Consider hiring a designated driver. They can not only help you gain valuable knowledge about the region and be your tour guide, but they also allow you to soak in the full beauty of the region while you are touring about. Plus during summer months, they can keep the car cool, have chilled water ready and some will even setup a private picnic for you.
Refrain from wearing heavily-scented items, such as body sprays, perfumes and heavy lotions. Leave the lipstick at home as it will effect your senses, but no one really likes to wash lipstick-lined wine glasses. Allow the day to be filled with the aromas of the wines and worry less about how you look!
Each region you visit will be best known for a couple of varietals, but possibly not the varietals you are accustomed to. This gives you an opportunity to explore varietals that are unfamiliar to you and possibly open up your palette for others. And if you are adamant to drink Cabernet Sauvignon or Pinot Noir, this may ultimately sway the regions you visit as those may not be the types of grapes that are best grown in the terroir or climate you are visiting.
Local Insider's Tip
Get to know your host as they can be a valuable resource while you are tasting and the next time you are planning your visit. If you are really nice, they may even offer to help you put an extra-special experience should you be celebrating an anniversary, honeymoon, 50th birthday and other special occasions.
Ask your host questions! Ask them what are their favorite wines, get to know the history of the property and their of course their local recommendations for other places to visit. Your host is proud to live in the area and serve the wines in front of you, and they will absolutely love to share their knowledge of wine with others- and other things to do in the area. Just don't let your questions interrupt their presentation as some questions may be answered during your tasting or tour. When your tasting or tour is over, ask your host recommendations of where to have lunch, dinner, activities to check out or where to stay.
Don't be afraid to use the dump buckets, yes those canisters that are sitting on the counter are not for flowers, they are to make sure you don't over sample while wine tasting. If you don't like the wine, you don't have to make a funny face, simply pour your glass out into the "bucket" and move onto the next one- no one will be offended. Most tasting rooms offer a pitcher of water, this can be used to "clear" your glass between each pour, or to hydrate yourself as you enjoy.
If you can visit wine country on the weekend, do it! You'll find that it will be easier to book your preferred tasting experience and time, plus you'll feel like you own the place as there will be plenty of elbow room for all. Plus, hotels are always offering mid-week stay packages, so you'll save some money, too!

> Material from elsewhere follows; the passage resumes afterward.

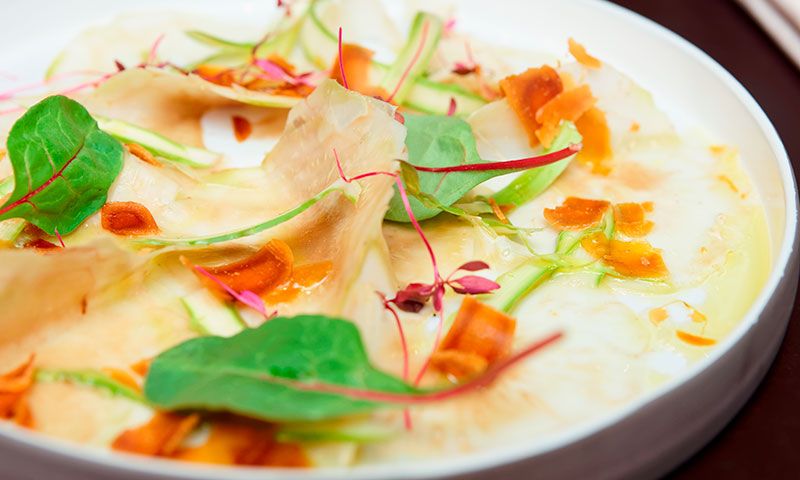 Carpaccio de alcachofas con botarga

Think beyond just wine tastings. The region you are visiting is known for many other things like backpacking, cycling, rafting, fishing, culinary adventures and most likely so much more. Our website provides links to learn more about the region such as travel-related recommendations, weather and other activities and information that are available in the region.
Last, but by far not the least, be sure you have fun! Don't take it all too seriously or it will totally wreck your vacation. You are here to explore, learn about the region and above all, R-E-L-A-X! Remember that wine is to be enjoyed and learned at your own personal level and pace- there's no rush. Event some of the best Sommeliers take their whole career to fully understand the intricacies of wine. Drink what you like and enjoy with others.